[Short web captions]
● ● ● ● ●

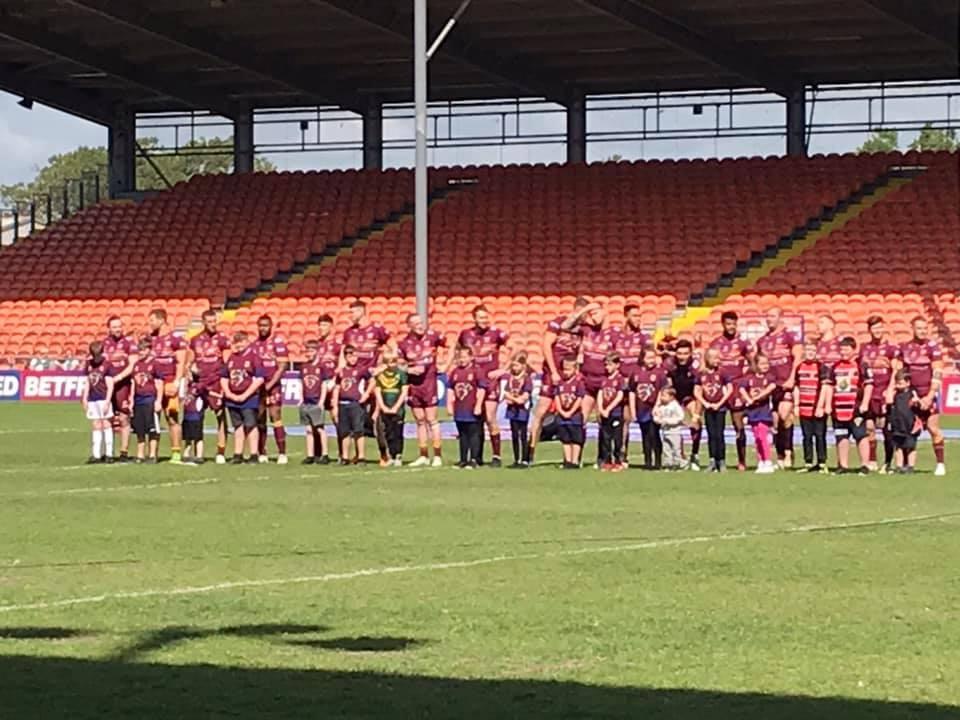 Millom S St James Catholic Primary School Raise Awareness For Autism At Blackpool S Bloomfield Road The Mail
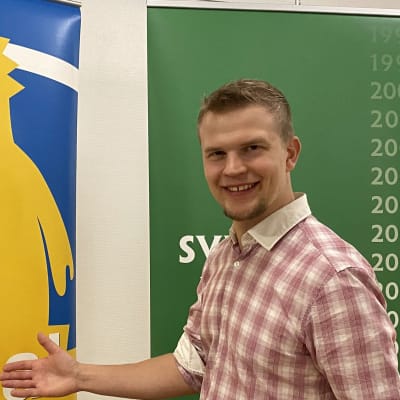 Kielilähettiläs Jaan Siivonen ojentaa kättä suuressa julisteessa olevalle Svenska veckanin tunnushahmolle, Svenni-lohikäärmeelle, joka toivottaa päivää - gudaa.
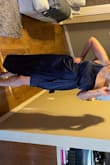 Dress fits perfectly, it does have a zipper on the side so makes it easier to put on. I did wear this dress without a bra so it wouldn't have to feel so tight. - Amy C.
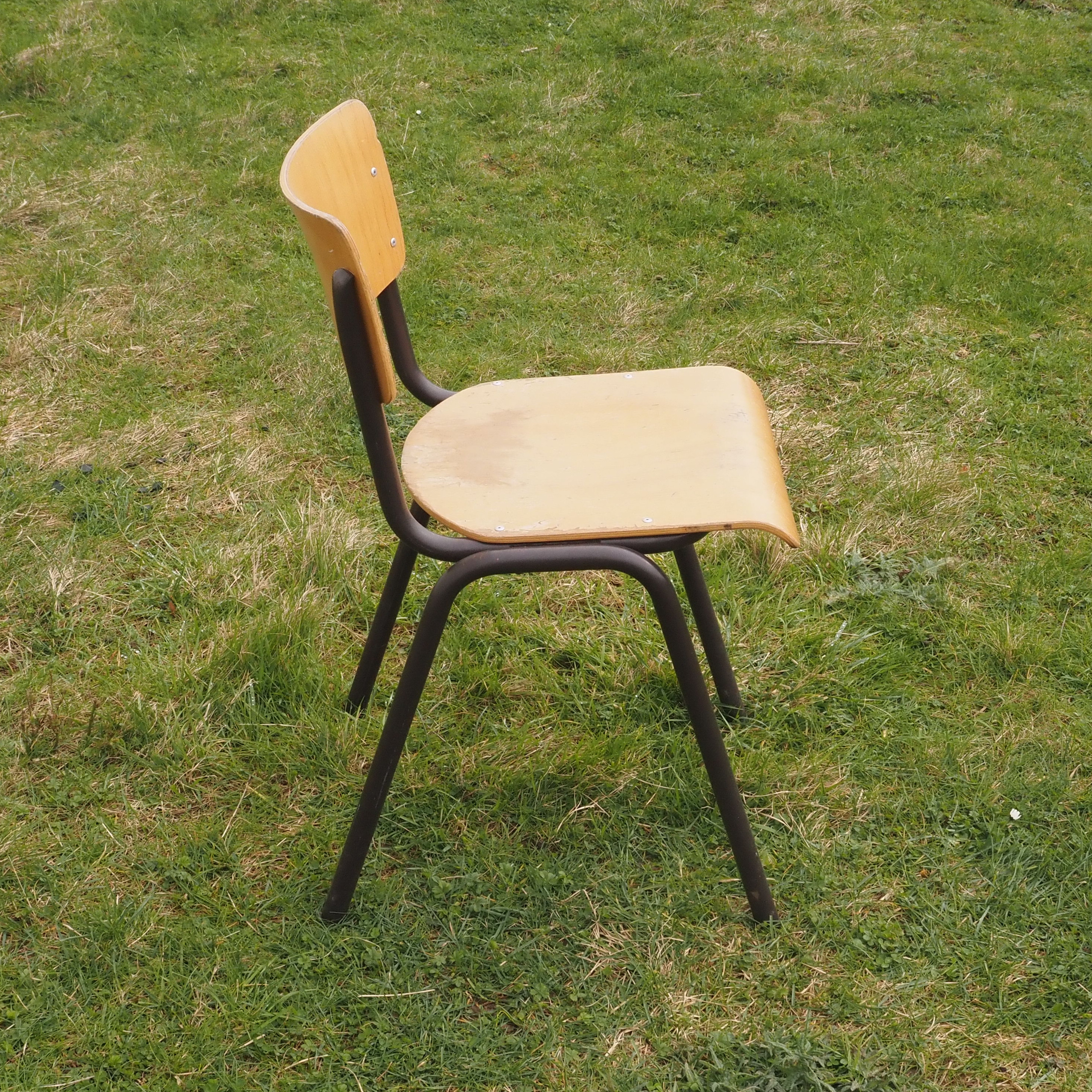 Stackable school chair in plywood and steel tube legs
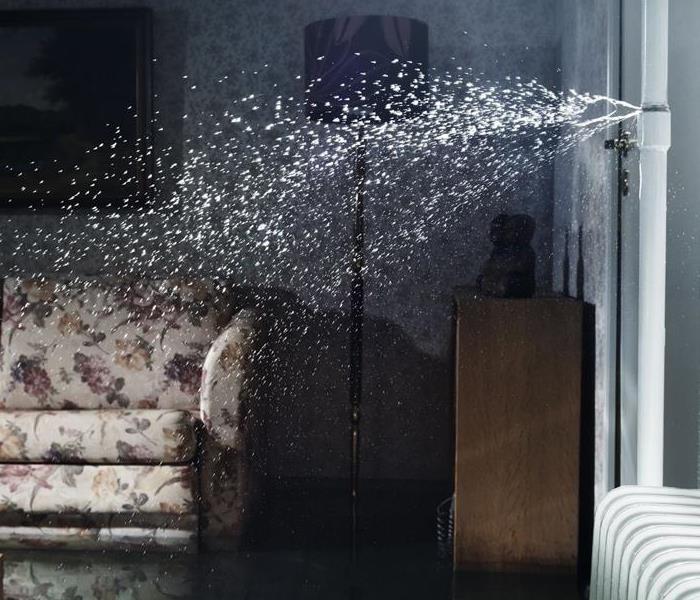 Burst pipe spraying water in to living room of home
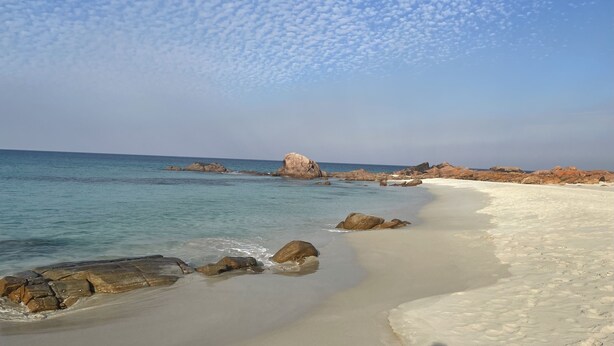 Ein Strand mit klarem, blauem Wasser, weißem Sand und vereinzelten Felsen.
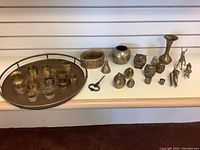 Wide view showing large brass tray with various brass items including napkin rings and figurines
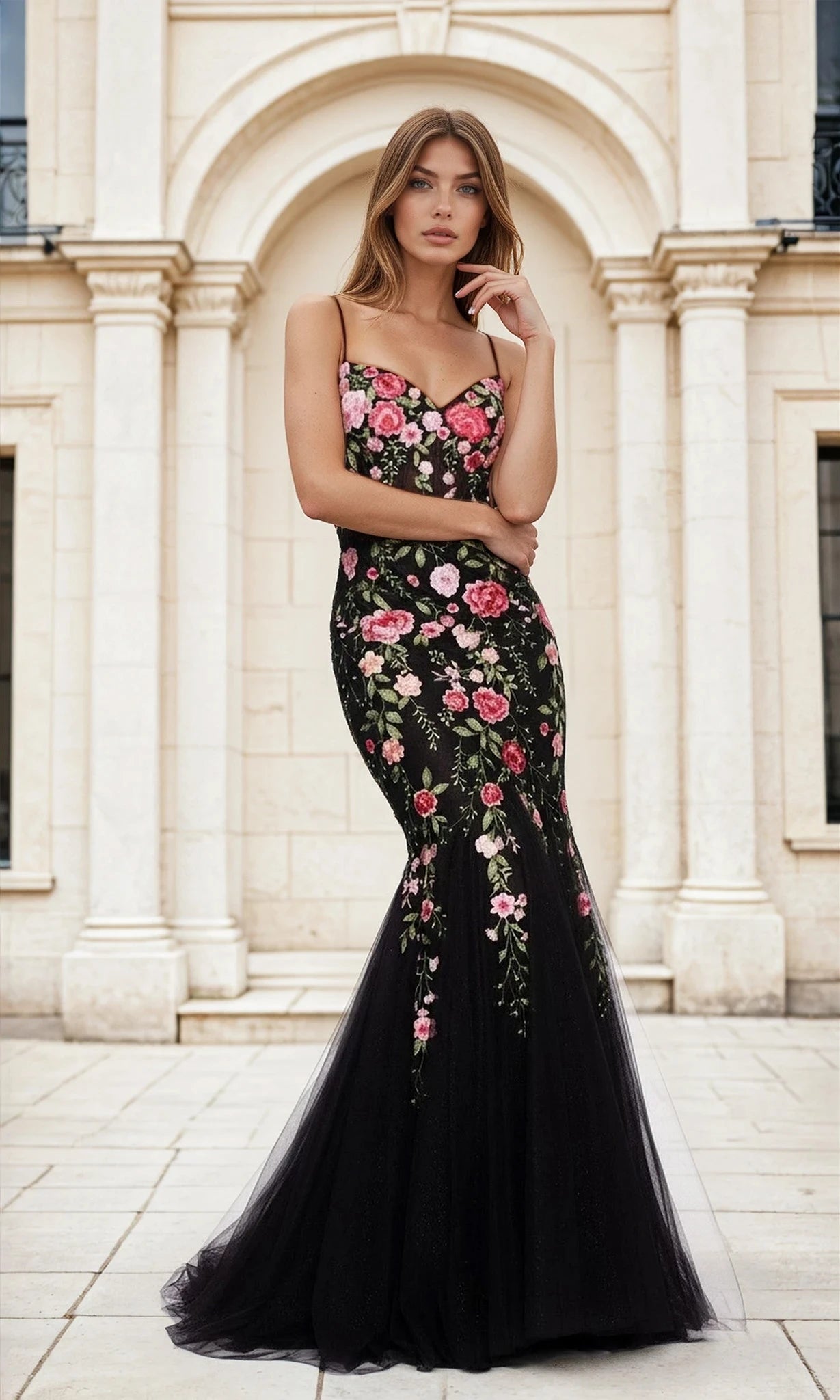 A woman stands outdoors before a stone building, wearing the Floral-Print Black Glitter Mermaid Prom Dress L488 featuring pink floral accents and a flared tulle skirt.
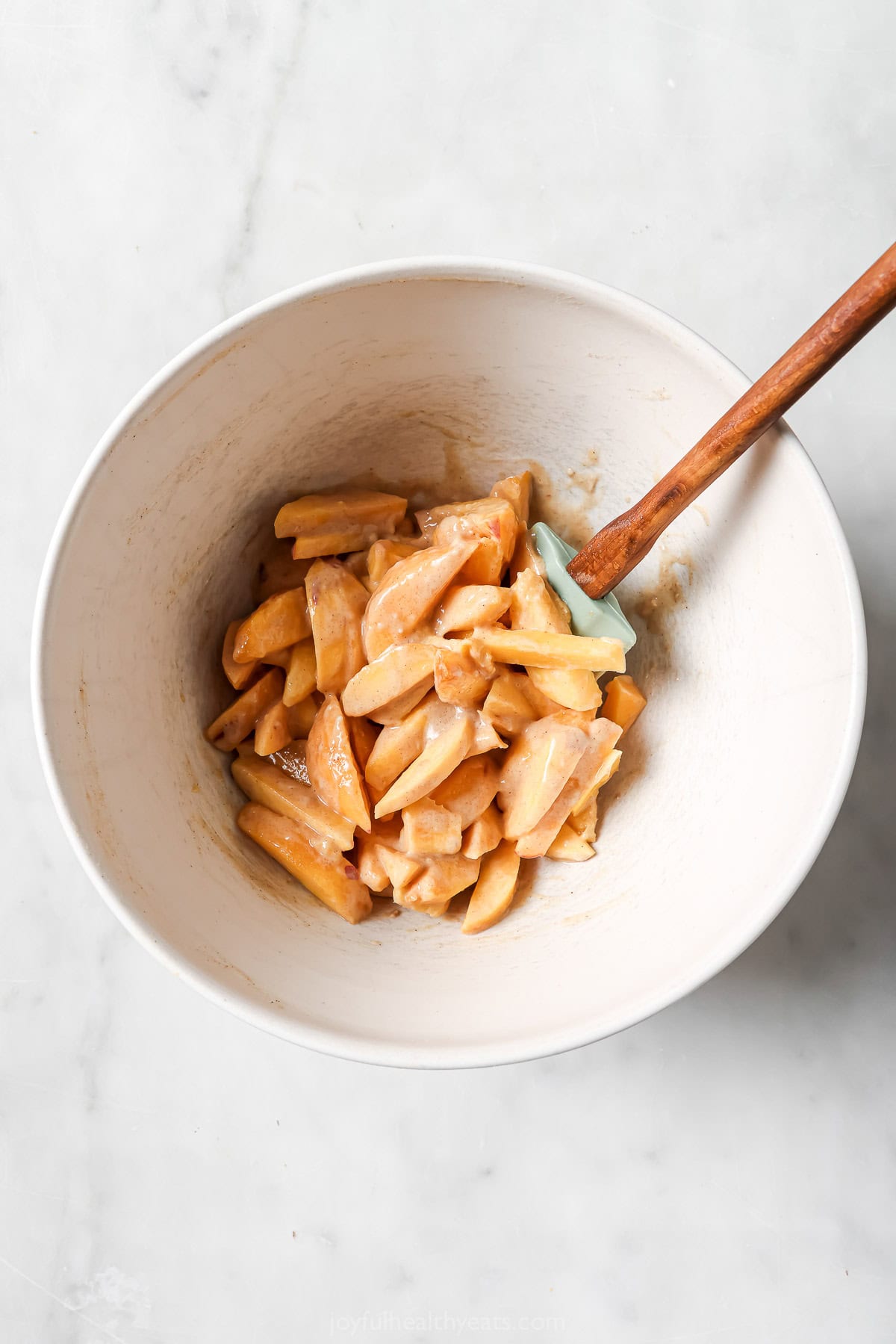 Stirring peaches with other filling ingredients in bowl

● ● ● ● ●

WHAT IS BEING ASKED →
After locating the line containing "Ein Strand mit" in the entries above, return it and every line after it exactly, ending at the line containing "Wide view showing", without pictures.

YOUR RESPONSE →
 Ein Strand mit klarem, blauem Wasser, weißem Sand und vereinzelten Felsen.
 Wide view showing large brass tray with various brass items including napkin rings and figurines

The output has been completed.